[PROVIDED RECORDS]
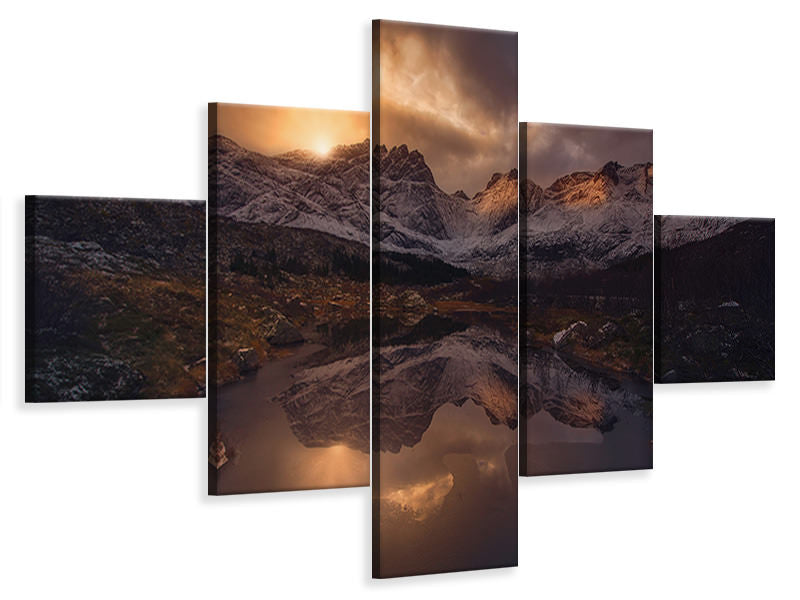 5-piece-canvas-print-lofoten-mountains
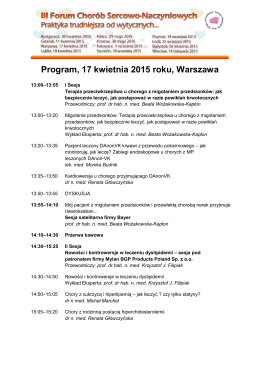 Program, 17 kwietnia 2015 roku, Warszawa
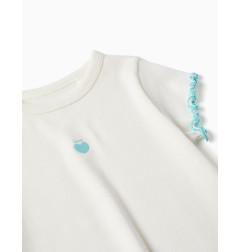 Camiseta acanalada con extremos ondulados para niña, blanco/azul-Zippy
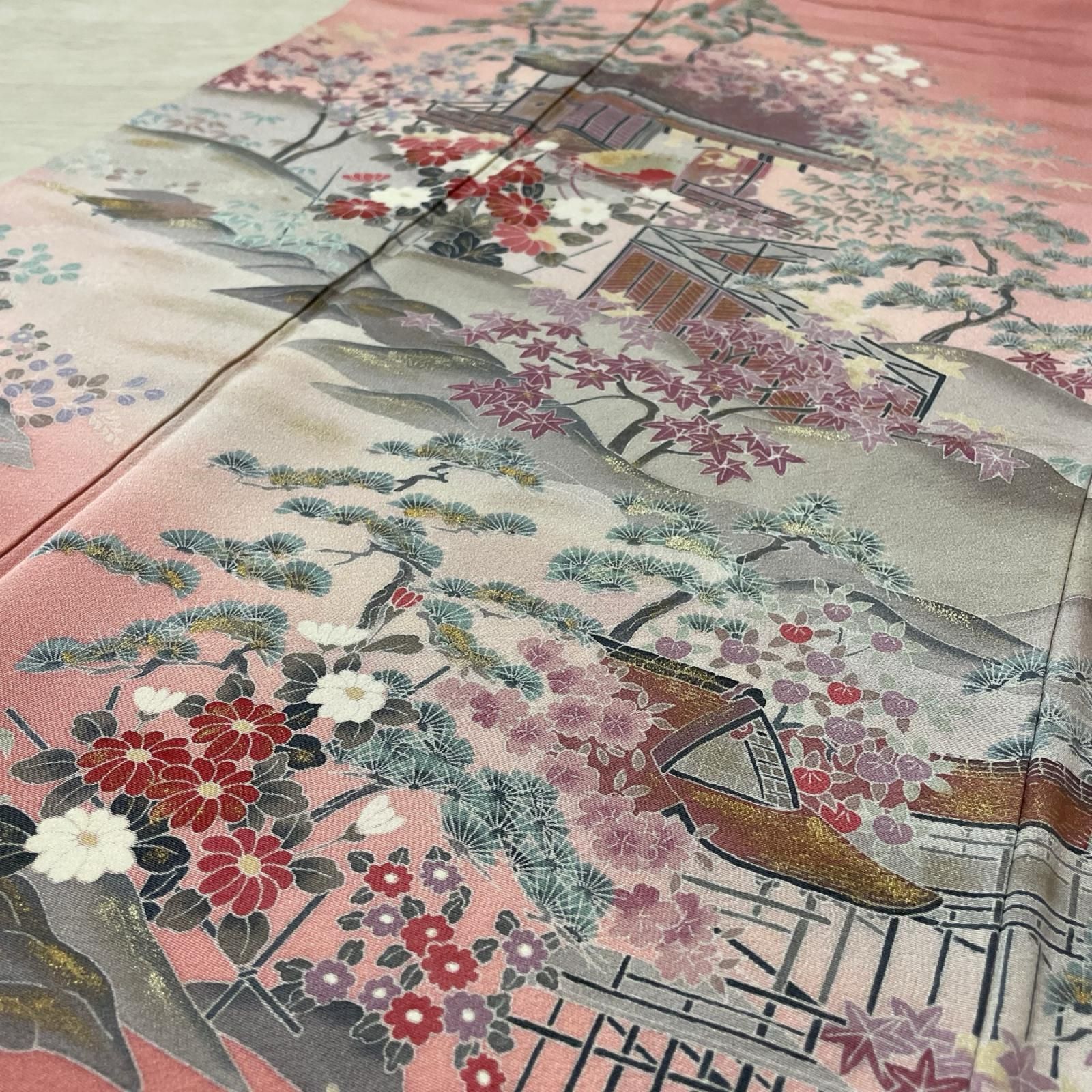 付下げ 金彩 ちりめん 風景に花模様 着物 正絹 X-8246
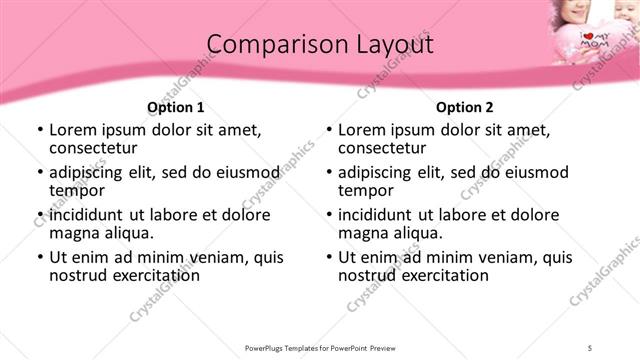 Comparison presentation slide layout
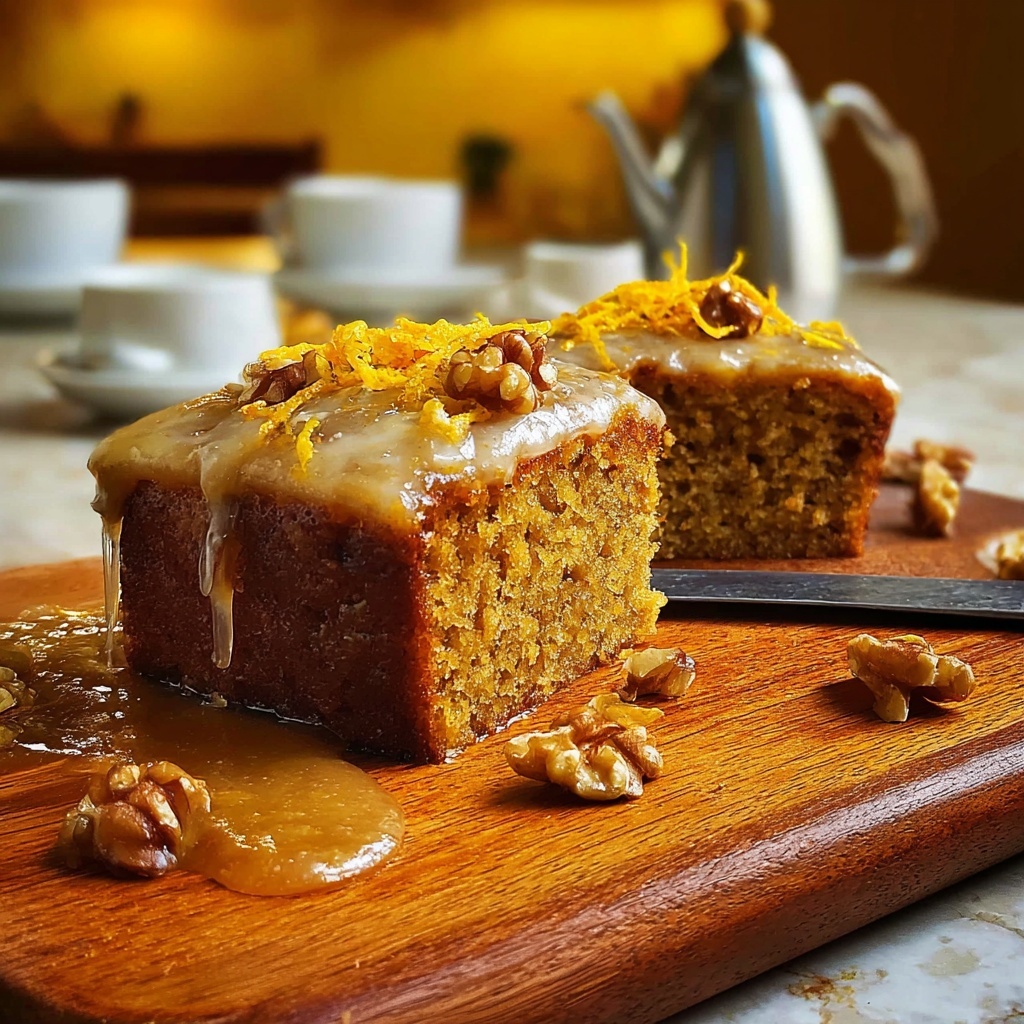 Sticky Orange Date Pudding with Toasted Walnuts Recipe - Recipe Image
[/PROVIDED RECORDS]
— DIRECTIONS FOR THIS TASK —
The data above should be returned in full, exactly as written, apart from its images.

— EXERCISE RESPONSE —
 5-piece-canvas-print-lofoten-mountains
 Program, 17 kwietnia 2015 roku, Warszawa
 Camiseta acanalada con extremos ondulados para niña, blanco/azul-Zippy
 付下げ 金彩 ちりめん 風景に花模様 着物 正絹 X-8246
 Comparison presentation slide layout
 Sticky Orange Date Pudding with Toasted Walnuts Recipe - Recipe Image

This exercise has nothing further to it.